En l’absence d’autres griefs de Monsieur [T] à l’encontre de son employeur qui auraient pu contribuer à la survenance de l’accident du travail en date du 15 octobre 2021, le Tribunal considère que la société [7] n’avait pas conscience d’un danger spécifique au sujet de ce salarié, et ne se trouvait pas nécessairement dans l’obligation d’avoir conscience d’un tel danger au regard des faits relatés ayant précédé la survenance de l’accident.
Ainsi, Monsieur [T] ne caractérisant aucun danger précis auquel il était exposé et qui aurait dû être pris en compte par son employeur, la faute inexcusable de la société [7] n’est pas caractérisée.
En conséquence, Monsieur [T] sera débouté de sa demande de reconnaissance d’une faute inexcusable de son employeur et de ses demandes subséquentes tendant à condamner ce dernier à lui allouer des dommages et intérêts sur le fondement de l’article L 452-3 du Code de la Sécurité Sociale.
Monsieur [T] succombant en ses prétentions, il n’apparaît pas inéquitable de le condamner à verser à la société [7] la somme de 1 000 euros sur le fondement de l'article 700 du code de procédure civile.

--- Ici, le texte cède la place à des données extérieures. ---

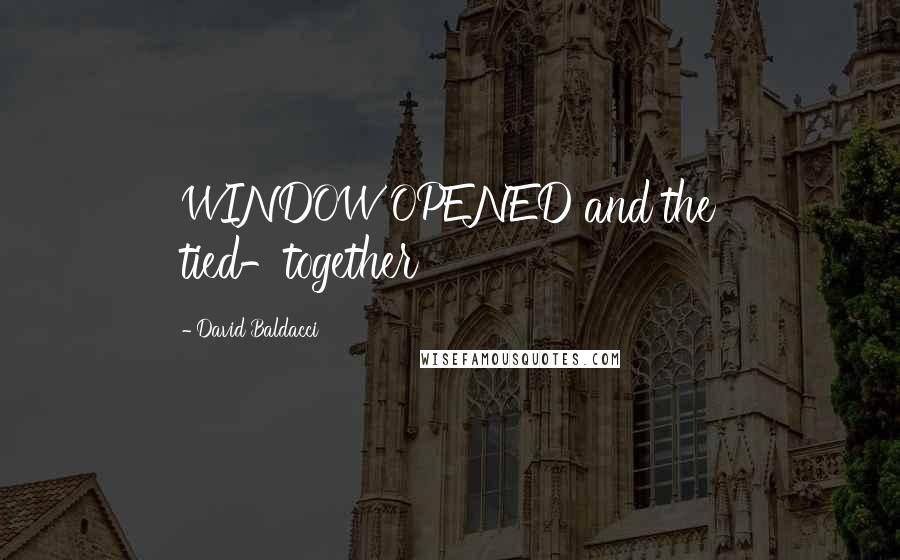 David Baldacci Quotes: WINDOW OPENED and the tied-together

Monsieur [T] succombant en ses prétentions, sera condamné aux entiers dépens de l’instance.
PAR CES MOTIFS
Le tribunal, statuant publiquement, par jugement contradictoire, en premier ressort et mis à disposition au greffe :
Déclare Monsieur [R] [T] recevable en son recours ;
Dit que l’accident du travail en date du 15 octobre 2021 est en l’espèce suffisamment caractérisé, et déboute en conséquence la société [7] de sa demande principale ;
Déboute Monsieur [R] [T] de sa demande tendant à la reconnaissance d’une faute inexcusable de son employeur à l’origine de cet accident, et de toutes ses demandes subséquentes ;
Condamne Monsieur [R] [T] à verser à la société [7] la somme de 1 000 euros sur le fondement de l'article 700 du code de procédure civile ;
Condamne Monsieur [R] [T] aux dépens.
Fait et jugé à Paris le 08 Août 2024
Le Greffier Le Président
N° RG 22/01849 - N° Portalis 352J-W-B7G-CXNZH
EXPÉDITION exécutoire dans l’affaire :
Demandeur : M. [R] [T]
Défendeur : S.A.S. [7]
EN CONSÉQUENCE, LA RÉPUBLIQUE FRANÇAISE mande et ordonne :
A tous les huissiers de justice, sur ce requis, de mettre ladite décision à exécution,
Aux procureurs généraux et aux procureurs de la République près les tribunaux judiciaire d`y tenir la main,
A tous commandants et officiers de la force publique de prêter main forte lorsqu`ils en seront légalement requis.
En foi de quoi la présente a été signée et délivrée par nous, Directeur de greffe soussigné au greffe du Tribunal judiciaire de Paris.